For the follower who does not allow fear to compromise fidelity to the ways of Rabbi Jesus, there is then the possibility of passing on to others another option, another way, another life that is a world apart from the ways of the powerful, the privileged, and the positioned, a way that is the way of God, who designed and desired the world to be a place of love, not hatred, a place of unity, not disunity, a place of generosity, not selfishness.
Knowing the weakness we all carry within us, filled as we are with fears, and a desire to stay huddled in our safe rooms, away from the threats and dangers that present themselves to those who stand against the ways of the world, Rabbi Jesus promises us his abiding presence to strengthen us in our resolve, his spirit within our hearts to move us even in the face of danger, his power to provide us with the ways and means to walk in the world as true witnesses of his life and his words.
With the Spirit as our helper and our guide, we can overcome our fears, relying less on weak selves and more on its strength, providing us with faith to carry into the city the ways of Rabbi Jesus, whatever the cost, however many our hesitations. We do not walk alone, but always in the company of the Spirit of the Most High God, who works with us as we work for God.
In his book, Stride Toward Freedom, Dr. King tells of his own fears in the face of the opposition and persecution he and his fellow marchers endured at the hands of those who held tight to their power and to their prejudices.
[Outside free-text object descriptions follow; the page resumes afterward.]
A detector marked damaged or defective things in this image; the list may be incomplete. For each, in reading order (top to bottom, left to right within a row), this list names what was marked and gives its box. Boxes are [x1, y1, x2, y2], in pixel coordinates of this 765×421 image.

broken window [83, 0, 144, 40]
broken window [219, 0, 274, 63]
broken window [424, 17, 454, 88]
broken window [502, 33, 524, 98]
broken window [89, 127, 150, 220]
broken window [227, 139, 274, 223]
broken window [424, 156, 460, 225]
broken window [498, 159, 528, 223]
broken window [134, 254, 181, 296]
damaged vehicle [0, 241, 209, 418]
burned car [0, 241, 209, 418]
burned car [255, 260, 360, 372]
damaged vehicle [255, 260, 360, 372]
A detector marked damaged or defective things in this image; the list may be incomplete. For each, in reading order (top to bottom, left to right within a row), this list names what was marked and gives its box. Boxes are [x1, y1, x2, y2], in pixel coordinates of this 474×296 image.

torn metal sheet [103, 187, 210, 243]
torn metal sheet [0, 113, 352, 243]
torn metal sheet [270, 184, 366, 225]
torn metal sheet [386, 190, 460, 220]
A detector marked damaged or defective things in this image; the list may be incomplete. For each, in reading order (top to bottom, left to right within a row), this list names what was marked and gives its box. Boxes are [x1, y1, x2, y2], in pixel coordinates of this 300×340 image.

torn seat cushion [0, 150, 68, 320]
He described the night he got out of bed, unable to sleep because of his fears, ready to give it all up, telling himself it simply wasn’t worth it. He described that moment in this way:
“In this state of exhaustion, when my courage had all but gone, I decided to take my problem to God. With my head in my hands, I bowed over the kitchen table and prayed aloud. The words I spoke to God that midnight are still vivid in my memory, ‘I am here taking a stand for what I believe is right. But now I am afraid. The people are looking to me for leadership, and if I stand before them without strength and courage, they too will falter.’”
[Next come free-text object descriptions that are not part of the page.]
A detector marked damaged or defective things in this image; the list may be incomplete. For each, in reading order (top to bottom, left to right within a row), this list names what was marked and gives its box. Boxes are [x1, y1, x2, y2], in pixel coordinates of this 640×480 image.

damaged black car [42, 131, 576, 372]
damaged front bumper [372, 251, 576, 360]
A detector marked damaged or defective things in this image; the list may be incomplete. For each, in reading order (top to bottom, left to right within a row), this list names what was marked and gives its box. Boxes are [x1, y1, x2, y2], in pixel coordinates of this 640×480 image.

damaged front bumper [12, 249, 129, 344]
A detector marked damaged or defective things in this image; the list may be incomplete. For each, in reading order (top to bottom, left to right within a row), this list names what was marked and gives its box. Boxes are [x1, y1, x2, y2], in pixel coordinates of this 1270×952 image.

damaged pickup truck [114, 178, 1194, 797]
He continued, “‘I am at the end of my powers. I have nothing left. I’ve come to the point where I can’t face it alone.’ At that moment, I experienced the presence of the Divine as I had never experienced him before. It seemed as though I could hear the quiet assurance of an inner voice saying, ‘Stand up for righteousness, stand up for truth; and God will be at your side forever.’”
He then says, “Almost at once my fears began to go. My uncertainty disappeared. I was ready to face anything.” His words reiterate and reinforce the words of Rabbi Jesus to his followers before his return to his Father in heaven when he said to them, “Stay in the city until you are clothed with power from on high.” It is the same command that he now tells us. Stay in the city. Stay in the fight. Fear nothing. The Spirit stays with you.